I decided to spend my range time Saturday afternoon with just my new Cougar 8000F, I left my 92 at home. The cougar has a little more kick to it compared to the 92, so I wanted to spend some "quality time" with the cougar so I could get use to it.

I started the target off at 25 ft, but was having a hard time achieving a "grouping". So I brought the target back to 21 feet and was able to pull in 2 small groupings. Lower left of center and center.


----------



## Shipwreck (Jan 26, 2006)

I never did that great w/ the cougar - it does have less than even a 4 inch barrel - so, I attribute it to that.

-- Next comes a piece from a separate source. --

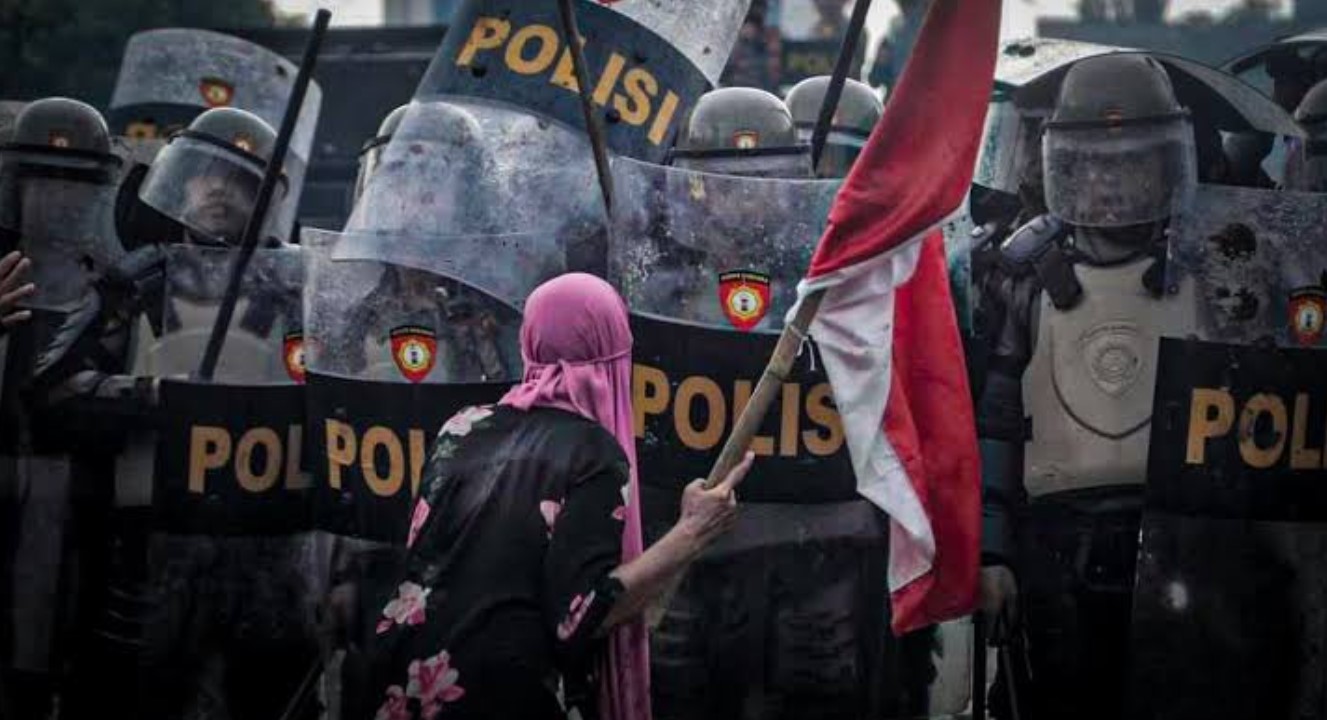 Profil Ibu Ana, Ikon Brave Pink Hero Green Nekat Hadang Polisi Pakai Galah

I got one when they very first came out - For such a large grip, it really should have a longer barrel. Anyway, while it always worked, I just didn't do as well at the range as I would have liked. So, I sold it in 99, I believe.

My SW99 is one of the 1st 4" barrelled guns that I have shot so well w/. Usually, it takes me a 5" barrel to shoot well with. Not sure if it is the weigh, barrel length, or sight radius that does it for me. Anything under 4", and I can't group that well, even at 7 yards.


----------



## Guest (Feb 20, 2006)

Shipwreck said:


> I never did that great w/ the cougar - it does have less than even a 4 inch barrel - so, I attribute it to that.
> 
> I got one when they very first came out - For such a large grip, it really should have a longer barrel. Anyway, while it always worked, I just didn't do as well at the range as I would have liked. So, I sold it in 99, I believe.
> 
> My SW99 is one of the 1st 4" barrelled guns that I have shot so well w/. Usually, it takes me a 5" barrel to shoot well with. Not sure if it is the weigh, barrel length, or sight radius that does it for me. Anything under 4", and I can't group that well, even at 7 yards.


I do much better as well with a longer barrel, I think with a little practice I can get the same results with the cougar though. I love the way the cougar feels, but I can also see where others would not. For me, the shorter barrel length plus the longer grip make the gun feel more balanced. I feel like I can control it better, but that's just me. But, with all that being said, the 92 is alot smoother as far as recoil is concerned, thus easier to get off quicker shots and keep them in a group.


----------